払える方は、どんな方法であっても払うし、払うに払えない人は、どんなに払うチャンネルがあっても払えないものではないか。ちょっとずれてますよね。
次に、共同化の第一の目的が「徴収率の向上」「平均徴収率を98%に」となっていて、「徴収率の向上ありき」になっている。その上で「断固たる滞納処分の実施」をうたっており、納税者の状態を無視した、強行的な徴収が横行するのではないか?
全国的には、すでに同じような組織を立ち上げての取り組みがやられていて、そこでは、1人1人の事情に即した相談などはほとんど行われずに、差し押さえばかりが行われているし、そういう中で、自殺者とか悲惨な事例も生まれている。
京都でも、この1月に、出産育児一時金を市が差し押さえるという暴挙があって、結果的には批判があり撤回したりしている。
こういう事を紹介しながら、共同化でこういう事態が起こるのではとの危惧が広がっていると問うと、町長は、「これまでやっている事の延長の事」として、今までのやり方となんら変わらないみたいな話をされた。

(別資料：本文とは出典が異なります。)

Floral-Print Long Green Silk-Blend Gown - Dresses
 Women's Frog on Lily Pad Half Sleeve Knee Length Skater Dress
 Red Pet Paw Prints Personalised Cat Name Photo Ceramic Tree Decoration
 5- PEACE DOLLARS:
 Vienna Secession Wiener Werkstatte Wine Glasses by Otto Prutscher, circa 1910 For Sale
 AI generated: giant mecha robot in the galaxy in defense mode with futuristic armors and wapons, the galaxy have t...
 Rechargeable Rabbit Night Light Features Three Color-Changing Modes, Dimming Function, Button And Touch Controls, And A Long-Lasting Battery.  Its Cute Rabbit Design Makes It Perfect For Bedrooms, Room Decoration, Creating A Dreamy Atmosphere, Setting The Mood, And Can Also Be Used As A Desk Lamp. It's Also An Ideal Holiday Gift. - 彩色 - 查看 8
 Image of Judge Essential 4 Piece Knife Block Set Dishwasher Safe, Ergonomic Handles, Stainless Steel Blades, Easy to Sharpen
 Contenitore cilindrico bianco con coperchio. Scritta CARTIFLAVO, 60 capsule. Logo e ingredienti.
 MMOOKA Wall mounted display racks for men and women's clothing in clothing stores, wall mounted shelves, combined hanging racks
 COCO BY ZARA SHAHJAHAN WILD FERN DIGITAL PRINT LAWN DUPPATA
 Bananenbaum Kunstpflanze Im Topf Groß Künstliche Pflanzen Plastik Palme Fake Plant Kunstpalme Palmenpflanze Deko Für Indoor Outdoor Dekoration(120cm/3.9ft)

いま町の収納対策課がやっている滞納処理の状況の資料を強調して、「今までも、各ケースに応じて相談に乗り、対応してきた結果が、3割程度の収納率。もっと強行的にやれば収納率もあがるかもしれないが、これ以上の事はできない中で、こういう結果だ」「もし和束でそれが原因で自殺者とかあるんだったら、言ってほしい」などとずいぶんまくしたてて言われました。
でも、京都府は、それでは不十分だから、と共同化を進めてきたわけで、今までみたいに「きめ細かい対応」をしていたら、とても98%にするなんてことは出来ないではないか。98%にするという事を目的にやるという事は、これまでの「きめ細かい対応」をすっ飛ばして、どんどん取るよ、という事にしかならないですよね。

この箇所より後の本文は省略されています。